Joan: [stands up and reads from her Practical book] To prevent the water from splashing out of the measuring cylinder, resulting in inaccurate result.

Teacher: Ok. So, your answer is “to prevent the water from splashing out of the measuring cylinder, resulting in inaccurate result”…. Ok, you may be seated. Think about it…. You always say ‘inaccurate result’. In what way is the result inaccurate? And how can you make the result a little bit more accurate by preventing the splashing?… So the inaccuracy is that you end up getting the volume of marble less than the true volume. Can you talk more precisely, instead of using words like ‘inaccurate results’, which…doesn’t mean very much.

Neither can you think clearly…, whether the inaccurate result is, is the volume more or is it less, or what happens? You get what I’m saying?… Ok, this would be a lot more precise and specific in your language when you say ‘Marbles are placed gently in the measuring cylinder to prevent splashing,’ yes, but why do you want to prevent splashing? Because splashing would affect the result in this way [pointing to the slide] ok, it will cause the volume of the marble being determined to be smaller than the true volume… State whether it is really smaller or larger volume that would result in the inaccuracy. Don’t just use words like “inaccurate”. Can? Ok, the next question.

Learning Points

In the above vignette, the teacher asks the pupils to pay special attention to the words they use in their writing. There are several points we can comment and reflect upon.

First, pupils may not know that the expression “inaccurate result” is not precise enough unless being told so explicitly. To the average Secondary 1 pupil, who is just an apprentice in observing nature and recording his or her observations, the phrase “inaccurate result” may already seem very accurate. Therefore the science teacher clearly needs to teach the pupils the conventions of writing science as well as doing science. When I was in the classroom, I noticed that a significant number of pupils immediately followed the teacher’s advice and wrote in their Practical books that the value observed would be less than the true value.

Second, the teacher starts with one pupil’s response and explains why that response is insufficient. At least in her class, this was an efficient method of pointing out and correcting errors in students’ writing. Other pupils may then realise that the teacher is talking about a common error.

Third, phrases such as “inaccurate result” can be taken as non-technical or semi-technical and may not be perceived by teachers as particularly “hard”. But research has shown that pupils may find it hard to include these semi-technical words in their writing, along with technical words in science.

According to Wellington (2000, p. 168), technical words in science fall into four broad categories:

  1. Naming words, e.g. “meniscus”;
  2. Process words, e.g. “evaporation”;
  3. Concept words, e.g. “energy”; and
  4. Mathematical words and symbols.

Teachers should spend at least some time investigating how pupils use the different types of words in their writing, how and why they may stumble, and how best we can help them.

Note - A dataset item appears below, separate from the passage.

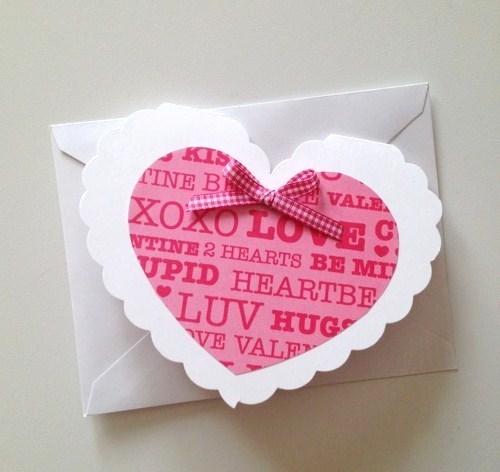 Heart-shaped Valentine Card | ThriftyFun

As hinted at by the teacher in the above transcript, where pupils cannot use words appropriately in their writing, they cannot think appropriately either. This means that they have not mastered the concepts in question and that learning has not taken place sufficiently. Hence the need for the science teacher to be aware of possible difficulties words pose for the pupils.

On the other hand, words are part but not all of science writing; they are not the whole story. After all science writing does not consist of words piled up in a random manner.

In the next article, we will discuss how to teach science writing through the use of writing frames organised into text types such as reports, explanation, argumentation and experimental reports (Wellington & Osborne, 2001).

1 The use of the ellipsis ‘…’ indicates that some parts of her speech have been removed to save space. Square brackets ‘[  ]’ are used to give the contextual information accompanying the talk.

2 Pseudonym is used.

References
Wellington, J. (2000). Teaching and learning secondary science: Contemporary issues and practical approaches. London: Routledge.

Wellington, J., & Osborne, J. (2001). Language and literacy in science education. Buckingham: Open University Press.